**Data records**
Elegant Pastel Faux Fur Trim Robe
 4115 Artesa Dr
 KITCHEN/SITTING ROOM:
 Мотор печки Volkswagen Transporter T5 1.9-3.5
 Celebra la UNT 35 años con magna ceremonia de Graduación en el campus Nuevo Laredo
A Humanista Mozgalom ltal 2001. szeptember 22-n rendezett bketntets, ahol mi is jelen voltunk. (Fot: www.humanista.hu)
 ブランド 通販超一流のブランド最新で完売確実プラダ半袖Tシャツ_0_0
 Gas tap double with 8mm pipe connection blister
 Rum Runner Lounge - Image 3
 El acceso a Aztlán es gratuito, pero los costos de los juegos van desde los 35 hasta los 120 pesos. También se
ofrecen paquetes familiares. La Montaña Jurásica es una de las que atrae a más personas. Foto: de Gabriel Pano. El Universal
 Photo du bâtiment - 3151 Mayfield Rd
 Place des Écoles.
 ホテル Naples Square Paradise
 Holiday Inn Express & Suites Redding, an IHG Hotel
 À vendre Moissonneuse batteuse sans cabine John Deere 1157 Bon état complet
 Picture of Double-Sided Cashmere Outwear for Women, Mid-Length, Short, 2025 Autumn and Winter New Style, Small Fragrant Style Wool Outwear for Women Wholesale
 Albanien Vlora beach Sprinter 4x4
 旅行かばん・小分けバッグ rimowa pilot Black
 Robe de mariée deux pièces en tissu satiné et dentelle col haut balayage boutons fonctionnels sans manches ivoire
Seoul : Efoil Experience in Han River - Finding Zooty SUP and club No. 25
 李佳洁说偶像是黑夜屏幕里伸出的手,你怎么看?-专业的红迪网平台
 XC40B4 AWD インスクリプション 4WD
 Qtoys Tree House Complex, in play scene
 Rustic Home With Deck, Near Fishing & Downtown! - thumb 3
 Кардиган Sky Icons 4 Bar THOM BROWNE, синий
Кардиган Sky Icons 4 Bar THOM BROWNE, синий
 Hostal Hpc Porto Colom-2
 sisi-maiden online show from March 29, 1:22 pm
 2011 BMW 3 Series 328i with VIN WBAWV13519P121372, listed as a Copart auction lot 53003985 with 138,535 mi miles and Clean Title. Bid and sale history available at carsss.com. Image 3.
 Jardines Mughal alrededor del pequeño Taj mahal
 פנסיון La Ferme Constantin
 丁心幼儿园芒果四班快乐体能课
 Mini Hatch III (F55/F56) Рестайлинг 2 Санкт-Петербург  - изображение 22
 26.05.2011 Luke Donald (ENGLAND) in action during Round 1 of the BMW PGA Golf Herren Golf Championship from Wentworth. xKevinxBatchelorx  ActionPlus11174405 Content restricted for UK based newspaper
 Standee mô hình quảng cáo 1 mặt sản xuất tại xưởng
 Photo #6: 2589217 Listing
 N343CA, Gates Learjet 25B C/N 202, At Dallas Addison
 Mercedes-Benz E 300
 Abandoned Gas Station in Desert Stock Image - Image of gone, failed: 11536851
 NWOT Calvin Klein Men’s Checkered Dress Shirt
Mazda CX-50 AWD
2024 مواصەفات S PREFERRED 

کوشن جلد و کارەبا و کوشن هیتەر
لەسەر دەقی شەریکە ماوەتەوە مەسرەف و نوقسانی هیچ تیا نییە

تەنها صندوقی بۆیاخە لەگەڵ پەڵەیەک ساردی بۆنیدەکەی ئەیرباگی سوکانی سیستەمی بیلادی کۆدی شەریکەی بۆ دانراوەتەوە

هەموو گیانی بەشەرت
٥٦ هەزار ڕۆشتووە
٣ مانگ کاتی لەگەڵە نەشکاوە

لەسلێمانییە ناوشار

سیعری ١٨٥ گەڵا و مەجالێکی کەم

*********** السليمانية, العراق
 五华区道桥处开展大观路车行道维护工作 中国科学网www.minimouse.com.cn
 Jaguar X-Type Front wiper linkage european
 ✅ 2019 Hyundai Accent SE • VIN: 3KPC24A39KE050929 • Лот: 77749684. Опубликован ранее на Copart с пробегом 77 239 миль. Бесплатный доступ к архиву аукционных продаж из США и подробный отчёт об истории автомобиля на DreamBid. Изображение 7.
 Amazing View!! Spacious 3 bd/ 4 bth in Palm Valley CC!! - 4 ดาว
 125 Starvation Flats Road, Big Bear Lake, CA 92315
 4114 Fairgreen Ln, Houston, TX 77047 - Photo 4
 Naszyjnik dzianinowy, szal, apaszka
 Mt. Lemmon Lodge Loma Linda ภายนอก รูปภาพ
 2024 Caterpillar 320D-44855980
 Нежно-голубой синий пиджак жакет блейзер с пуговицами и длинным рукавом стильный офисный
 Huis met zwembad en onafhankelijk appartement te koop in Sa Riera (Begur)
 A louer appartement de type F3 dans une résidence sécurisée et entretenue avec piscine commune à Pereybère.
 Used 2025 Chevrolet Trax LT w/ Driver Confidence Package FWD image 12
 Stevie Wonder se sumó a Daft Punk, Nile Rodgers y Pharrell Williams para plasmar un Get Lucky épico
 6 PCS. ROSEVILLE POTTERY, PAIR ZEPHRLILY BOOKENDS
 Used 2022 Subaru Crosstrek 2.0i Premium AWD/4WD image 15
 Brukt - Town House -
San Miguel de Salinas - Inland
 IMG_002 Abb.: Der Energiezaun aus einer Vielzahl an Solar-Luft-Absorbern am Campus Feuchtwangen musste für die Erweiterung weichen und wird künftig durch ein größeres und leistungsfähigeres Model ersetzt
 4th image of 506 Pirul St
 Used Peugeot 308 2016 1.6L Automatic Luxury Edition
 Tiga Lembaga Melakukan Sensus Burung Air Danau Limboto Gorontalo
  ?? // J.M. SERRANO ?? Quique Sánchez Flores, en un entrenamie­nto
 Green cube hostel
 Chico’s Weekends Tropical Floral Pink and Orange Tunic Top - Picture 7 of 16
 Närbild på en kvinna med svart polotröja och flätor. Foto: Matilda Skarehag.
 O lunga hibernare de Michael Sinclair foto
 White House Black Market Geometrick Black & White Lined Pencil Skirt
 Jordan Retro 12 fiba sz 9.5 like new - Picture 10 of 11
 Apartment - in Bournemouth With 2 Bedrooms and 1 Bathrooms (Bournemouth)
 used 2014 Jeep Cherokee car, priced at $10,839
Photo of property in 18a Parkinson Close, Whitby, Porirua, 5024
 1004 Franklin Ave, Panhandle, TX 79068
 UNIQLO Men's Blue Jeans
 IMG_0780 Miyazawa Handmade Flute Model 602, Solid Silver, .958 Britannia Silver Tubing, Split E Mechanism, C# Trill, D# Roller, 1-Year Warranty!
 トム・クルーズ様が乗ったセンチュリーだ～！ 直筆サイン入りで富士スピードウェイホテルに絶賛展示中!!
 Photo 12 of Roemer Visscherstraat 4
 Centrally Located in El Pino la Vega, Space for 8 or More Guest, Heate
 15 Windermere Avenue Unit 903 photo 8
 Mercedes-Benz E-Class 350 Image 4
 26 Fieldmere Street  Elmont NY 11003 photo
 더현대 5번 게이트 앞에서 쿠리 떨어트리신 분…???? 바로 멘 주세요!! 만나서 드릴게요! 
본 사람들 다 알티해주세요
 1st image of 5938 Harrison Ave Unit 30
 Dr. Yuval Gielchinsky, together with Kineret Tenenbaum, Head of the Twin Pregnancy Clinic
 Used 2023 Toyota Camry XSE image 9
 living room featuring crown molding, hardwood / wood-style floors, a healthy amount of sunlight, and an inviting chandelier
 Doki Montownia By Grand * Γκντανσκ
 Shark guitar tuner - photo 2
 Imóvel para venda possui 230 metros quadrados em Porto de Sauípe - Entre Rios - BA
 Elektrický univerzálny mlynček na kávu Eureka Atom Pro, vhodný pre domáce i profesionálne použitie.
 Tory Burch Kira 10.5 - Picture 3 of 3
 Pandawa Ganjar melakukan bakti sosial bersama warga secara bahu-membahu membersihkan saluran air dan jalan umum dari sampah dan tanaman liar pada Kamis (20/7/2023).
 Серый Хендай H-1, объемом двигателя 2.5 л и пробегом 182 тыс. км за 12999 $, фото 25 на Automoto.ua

**Your objective**
Your reply is to repeat, unchanged, the lines above running from the one with "2011 BMW 3 Series" up to and including the one with "Jaguar X-Type Front wiper linkage european".

**Written solution**
 2011 BMW 3 Series 328i with VIN WBAWV13519P121372, listed as a Copart auction lot 53003985 with 138,535 mi miles and Clean Title. Bid and sale history available at carsss.com. Image 3.
 Jardines Mughal alrededor del pequeño Taj mahal
 פנסיון La Ferme Constantin
 丁心幼儿园芒果四班快乐体能课
 Mini Hatch III (F55/F56) Рестайлинг 2 Санкт-Петербург  - изображение 22
 26.05.2011 Luke Donald (ENGLAND) in action during Round 1 of the BMW PGA Golf Herren Golf Championship from Wentworth. xKevinxBatchelorx  ActionPlus11174405 Content restricted for UK based newspaper
 Standee mô hình quảng cáo 1 mặt sản xuất tại xưởng
 Photo #6: 2589217 Listing
 N343CA, Gates Learjet 25B C/N 202, At Dallas Addison
 Mercedes-Benz E 300
 Abandoned Gas Station in Desert Stock Image - Image of gone, failed: 11536851
 NWOT Calvin Klein Men’s Checkered Dress Shirt
Mazda CX-50 AWD
2024 مواصەفات S PREFERRED 

کوشن جلد و کارەبا و کوشن هیتەر
لەسەر دەقی شەریکە ماوەتەوە مەسرەف و نوقسانی هیچ تیا نییە

تەنها صندوقی بۆیاخە لەگەڵ پەڵەیەک ساردی بۆنیدەکەی ئەیرباگی سوکانی سیستەمی بیلادی کۆدی شەریکەی بۆ دانراوەتەوە

هەموو گیانی بەشەرت
٥٦ هەزار ڕۆشتووە
٣ مانگ کاتی لەگەڵە نەشکاوە

لەسلێمانییە ناوشار

سیعری ١٨٥ گەڵا و مەجالێکی کەم

*********** السليمانية, العراق
 五华区道桥处开展大观路车行道维护工作 中国科学网www.minimouse.com.cn
 Jaguar X-Type Front wiper linkage european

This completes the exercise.